BEGIN
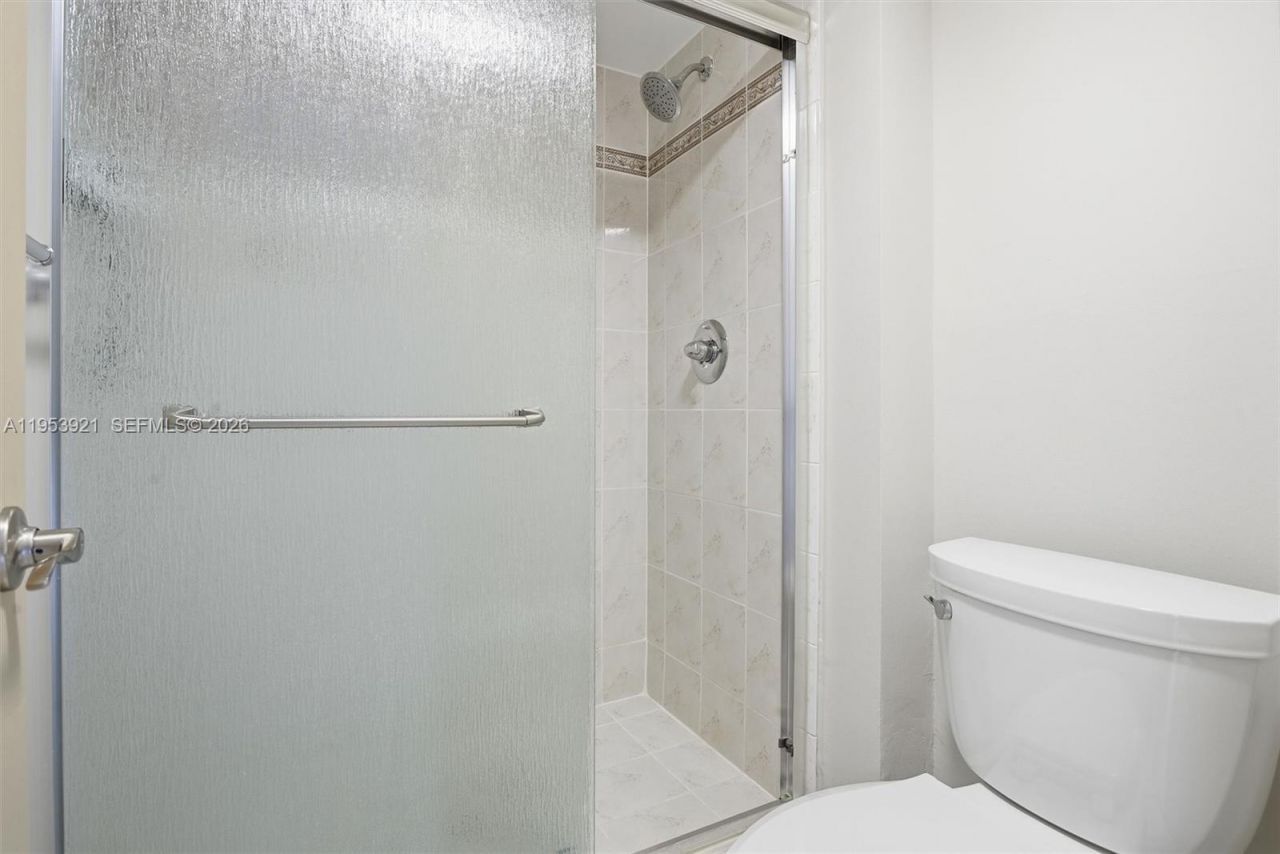 3731 N Country Club Dr, Unit 1421, Aventura, FL 33180 Photo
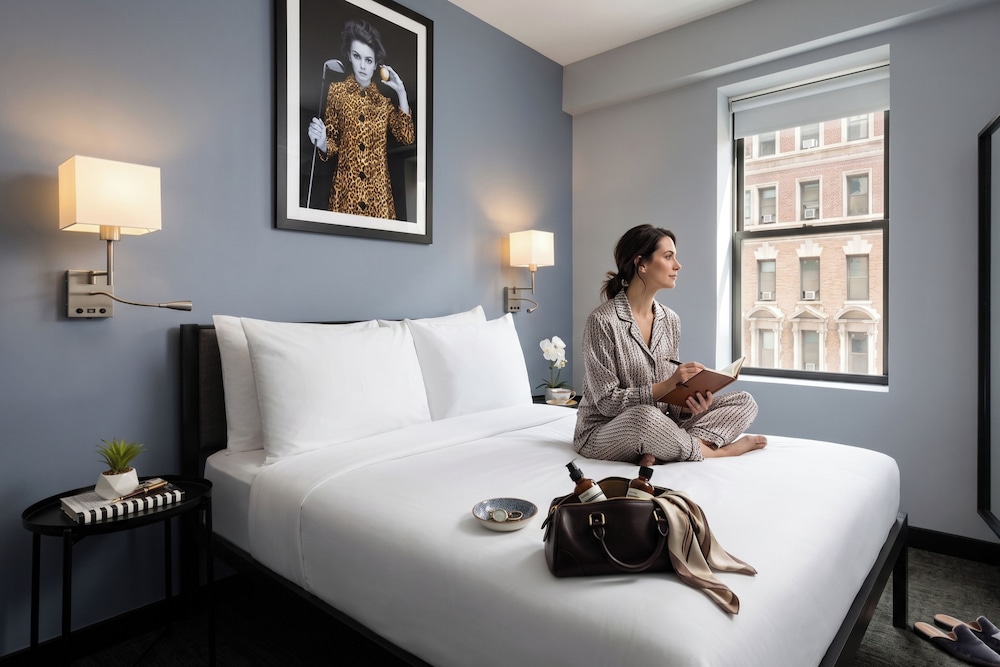 OYO Times Square — Hotel rooms in New York City, New York State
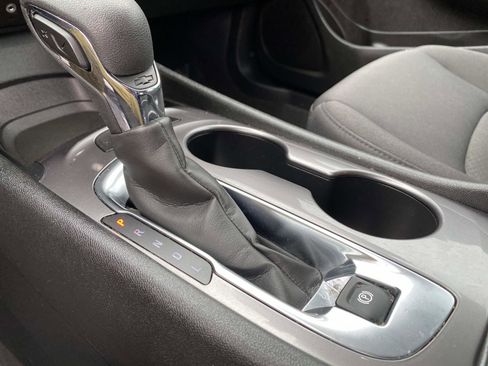 Used 2023 Chevrolet Malibu LS w/ Driver Confidence Package FWD image 12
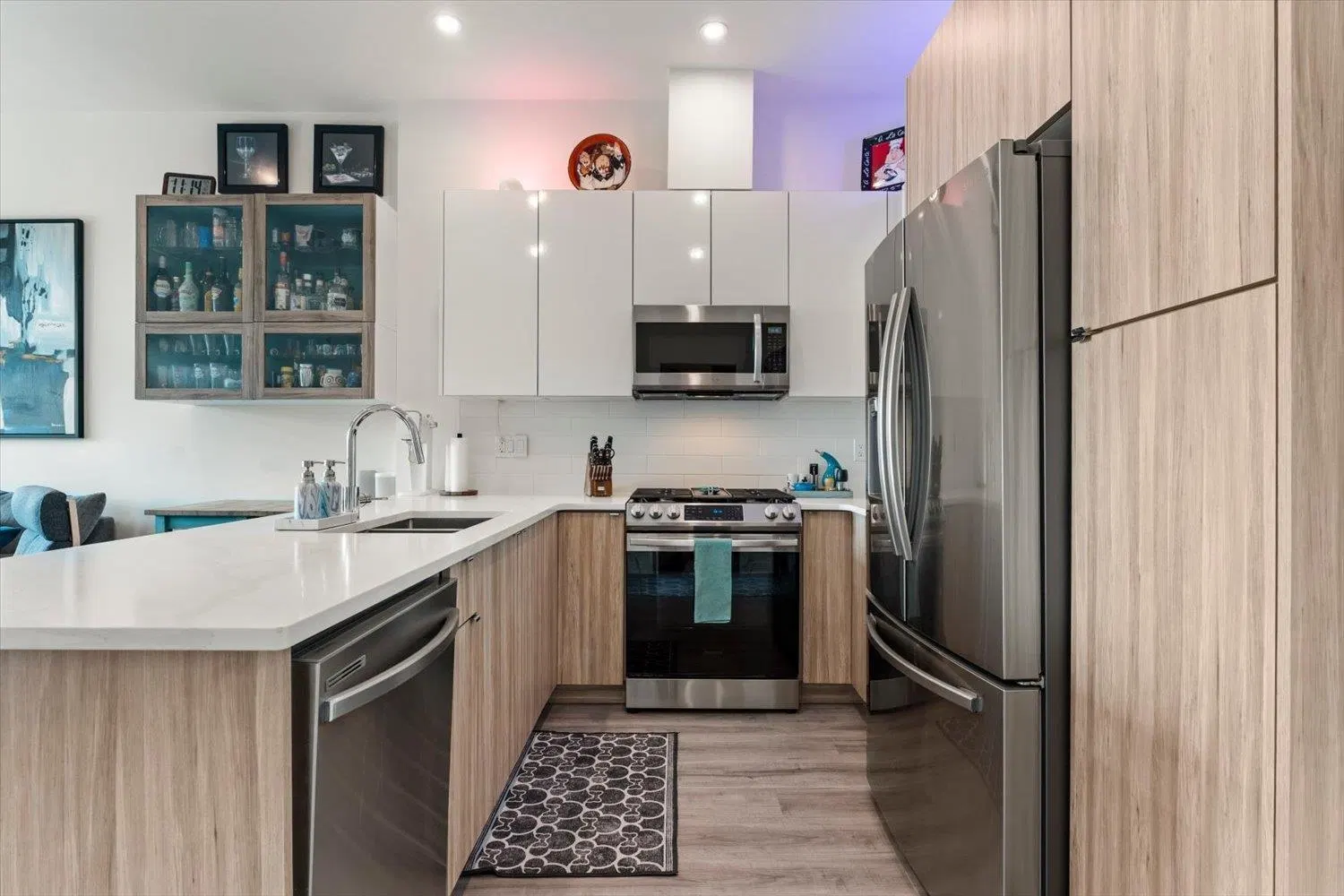 Photo 2 of 40 at #603 – 2649 James Street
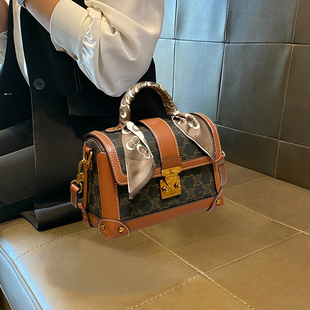 品牌真皮包包女式2026新款小巧精致百搭斜挎小方包女单肩手提小包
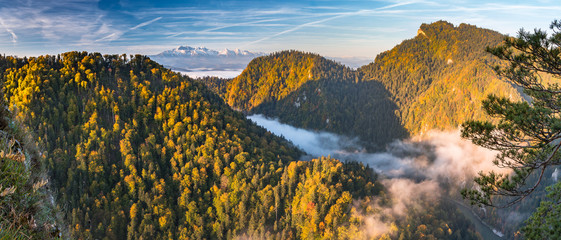 Beautiful morning panorama of Dunajec river gorge and Tatra mountains, colorful autumn
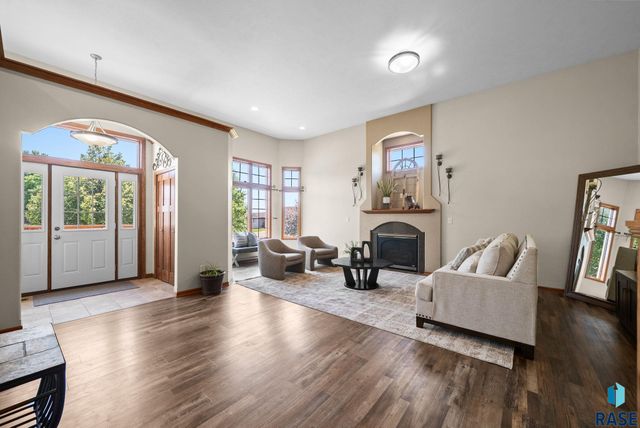 7808 W Leah St Street, Sioux Falls, SD 57106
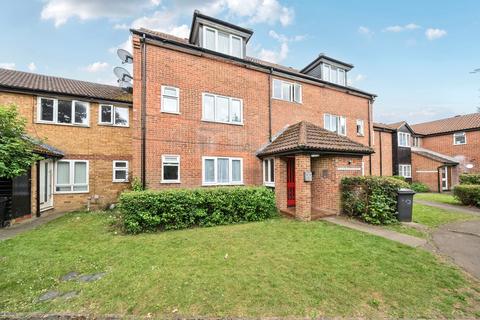 Springwood Crescent, Edgware, HA8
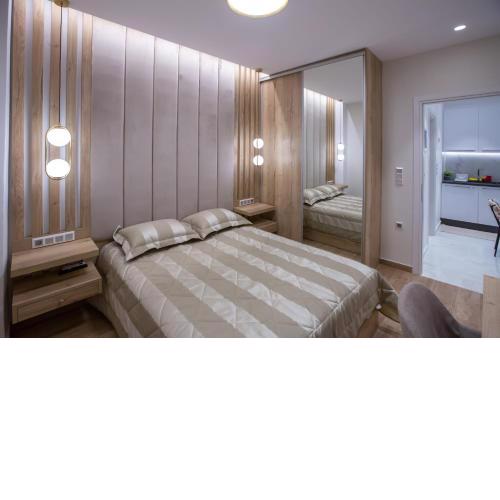 Central Apartment Marianthe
END
■ **WHAT IS BEING ASKED**
Go through the listing above and retype each line exactly, apart from the pictures.

■ **REPLY**
 3731 N Country Club Dr, Unit 1421, Aventura, FL 33180 Photo
 OYO Times Square — Hotel rooms in New York City, New York State
 Used 2023 Chevrolet Malibu LS w/ Driver Confidence Package FWD image 12
 Photo 2 of 40 at #603 – 2649 James Street
 品牌真皮包包女式2026新款小巧精致百搭斜挎小方包女单肩手提小包
 Beautiful morning panorama of Dunajec river gorge and Tatra mountains, colorful autumn
 7808 W Leah St Street, Sioux Falls, SD 57106
 Springwood Crescent, Edgware, HA8
 Central Apartment Marianthe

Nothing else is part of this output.